Robert S. Mueller III, the director of the Federal Bureau of Investigation (FBI), travelled to Silicon Valley on November 16 to meet with top executives of several technology firms about a proposal to make it easier to wiretap Internet users.

Mr. Mueller and the FBI's general counsel, Valerie Caproni, were scheduled to meet with senior managers of several major companies, including Google and Facebook, according to several people familiar with the discussions. How Mr. Mueller's proposal was received was not clear.

“I can confirm that FBI Director Robert Mueller is visiting Facebook during his trip to Silicon Valley,” said Andrew Noyes, Facebook's public policy manager.

Michael Kortan, an FBI spokesman, acknowledged the meetings but did not elaborate.

Mr.
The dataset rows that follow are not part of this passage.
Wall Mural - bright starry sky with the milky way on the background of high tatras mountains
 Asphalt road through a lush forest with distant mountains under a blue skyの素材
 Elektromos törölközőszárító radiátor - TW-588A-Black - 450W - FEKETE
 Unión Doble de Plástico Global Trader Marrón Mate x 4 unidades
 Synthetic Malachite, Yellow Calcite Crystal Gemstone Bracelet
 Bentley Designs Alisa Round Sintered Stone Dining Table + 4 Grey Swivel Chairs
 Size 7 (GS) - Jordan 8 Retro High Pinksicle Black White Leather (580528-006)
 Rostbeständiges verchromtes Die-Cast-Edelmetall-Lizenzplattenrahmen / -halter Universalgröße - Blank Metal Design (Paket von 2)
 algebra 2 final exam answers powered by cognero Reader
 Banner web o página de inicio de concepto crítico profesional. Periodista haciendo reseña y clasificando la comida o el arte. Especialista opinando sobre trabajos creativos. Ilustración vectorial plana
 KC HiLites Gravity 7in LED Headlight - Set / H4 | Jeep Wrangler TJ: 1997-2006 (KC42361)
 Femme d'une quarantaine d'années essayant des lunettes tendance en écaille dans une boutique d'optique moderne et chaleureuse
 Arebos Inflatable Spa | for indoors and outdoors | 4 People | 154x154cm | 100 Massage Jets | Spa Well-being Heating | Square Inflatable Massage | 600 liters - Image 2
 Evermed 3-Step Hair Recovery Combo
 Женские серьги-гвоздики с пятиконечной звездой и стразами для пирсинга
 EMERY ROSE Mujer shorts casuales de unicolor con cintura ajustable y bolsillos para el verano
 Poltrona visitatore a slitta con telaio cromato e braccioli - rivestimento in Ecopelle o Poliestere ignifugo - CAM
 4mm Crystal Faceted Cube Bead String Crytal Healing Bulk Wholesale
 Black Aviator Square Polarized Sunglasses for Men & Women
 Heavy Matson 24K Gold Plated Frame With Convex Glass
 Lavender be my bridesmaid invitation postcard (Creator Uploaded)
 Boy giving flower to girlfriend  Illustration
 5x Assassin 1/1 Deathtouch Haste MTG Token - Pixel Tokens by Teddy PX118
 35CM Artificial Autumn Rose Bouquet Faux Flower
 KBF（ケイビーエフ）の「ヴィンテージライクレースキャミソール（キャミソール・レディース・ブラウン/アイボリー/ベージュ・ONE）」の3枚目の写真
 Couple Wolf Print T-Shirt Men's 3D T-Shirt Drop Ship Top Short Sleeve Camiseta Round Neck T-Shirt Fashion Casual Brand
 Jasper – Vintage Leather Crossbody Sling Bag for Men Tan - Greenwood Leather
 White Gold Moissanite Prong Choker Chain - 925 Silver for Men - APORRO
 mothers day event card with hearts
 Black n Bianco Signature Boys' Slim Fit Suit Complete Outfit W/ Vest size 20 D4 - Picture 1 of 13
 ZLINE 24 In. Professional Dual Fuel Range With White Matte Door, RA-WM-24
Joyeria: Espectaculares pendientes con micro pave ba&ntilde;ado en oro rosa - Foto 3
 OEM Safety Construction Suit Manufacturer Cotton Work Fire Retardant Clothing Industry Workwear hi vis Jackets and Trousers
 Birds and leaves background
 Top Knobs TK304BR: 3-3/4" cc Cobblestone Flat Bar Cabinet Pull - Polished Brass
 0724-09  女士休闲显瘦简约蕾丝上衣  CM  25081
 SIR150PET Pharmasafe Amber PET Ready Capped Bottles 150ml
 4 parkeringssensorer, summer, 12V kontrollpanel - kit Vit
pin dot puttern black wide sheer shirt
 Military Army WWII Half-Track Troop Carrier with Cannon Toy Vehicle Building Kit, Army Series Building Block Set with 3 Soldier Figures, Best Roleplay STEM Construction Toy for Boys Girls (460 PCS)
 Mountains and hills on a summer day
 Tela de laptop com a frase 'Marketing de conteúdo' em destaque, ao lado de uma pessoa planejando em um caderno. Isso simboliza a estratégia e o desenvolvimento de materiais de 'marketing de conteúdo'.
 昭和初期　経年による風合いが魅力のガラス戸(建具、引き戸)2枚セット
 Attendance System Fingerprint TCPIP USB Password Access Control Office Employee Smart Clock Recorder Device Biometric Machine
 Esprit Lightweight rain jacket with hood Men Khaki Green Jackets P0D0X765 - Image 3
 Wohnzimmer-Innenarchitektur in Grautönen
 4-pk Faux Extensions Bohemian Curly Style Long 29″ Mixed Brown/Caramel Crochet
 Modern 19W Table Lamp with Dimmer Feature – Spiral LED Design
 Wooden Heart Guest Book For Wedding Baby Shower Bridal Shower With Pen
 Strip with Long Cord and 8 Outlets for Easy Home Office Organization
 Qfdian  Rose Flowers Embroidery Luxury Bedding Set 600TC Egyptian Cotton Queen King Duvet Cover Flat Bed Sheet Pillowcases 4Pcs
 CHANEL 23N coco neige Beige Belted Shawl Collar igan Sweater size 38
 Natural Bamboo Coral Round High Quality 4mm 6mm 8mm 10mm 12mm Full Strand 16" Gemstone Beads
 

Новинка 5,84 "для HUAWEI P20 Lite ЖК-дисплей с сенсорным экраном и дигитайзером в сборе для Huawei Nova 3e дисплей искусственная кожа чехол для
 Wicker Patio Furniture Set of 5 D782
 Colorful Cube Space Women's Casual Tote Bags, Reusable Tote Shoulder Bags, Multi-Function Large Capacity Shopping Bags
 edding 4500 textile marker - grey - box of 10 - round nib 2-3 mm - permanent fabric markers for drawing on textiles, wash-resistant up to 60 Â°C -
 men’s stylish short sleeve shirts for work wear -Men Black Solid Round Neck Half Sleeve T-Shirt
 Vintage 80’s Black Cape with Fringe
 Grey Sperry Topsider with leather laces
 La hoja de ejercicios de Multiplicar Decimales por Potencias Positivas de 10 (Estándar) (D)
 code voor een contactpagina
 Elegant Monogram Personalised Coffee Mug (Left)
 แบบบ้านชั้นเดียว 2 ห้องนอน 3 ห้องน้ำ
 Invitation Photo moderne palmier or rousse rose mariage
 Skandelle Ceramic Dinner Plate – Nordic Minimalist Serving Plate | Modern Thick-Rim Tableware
Mueller wants to expand a 1994 law, the Communications Assistance for Law Enforcement Act, to impose regulations on Internet companies.

The law requires phone and broadband network access providers like Verizon and Comcast to make sure they can immediately comply when presented with a court wiretapping order.

Law enforcement officials want the 1994 law to also cover Internet companies because people increasingly communicate online. An interagency task force consisting of officials within the Obama administration is trying to develop legislation for the plan, and submit it to Congress early next year.

The Commerce Department and State Department have questioned whether it would inhibit innovation, as well as whether repressive regimes might harness the same capabilities to identify political dissidents, according to officials familiar with the discussions.

Services overseas

Under the proposal, firms would have to design systems to intercept and unscramble encrypted messages. Services based overseas would have to route communications through a server on U.S. soil where they could be wiretapped.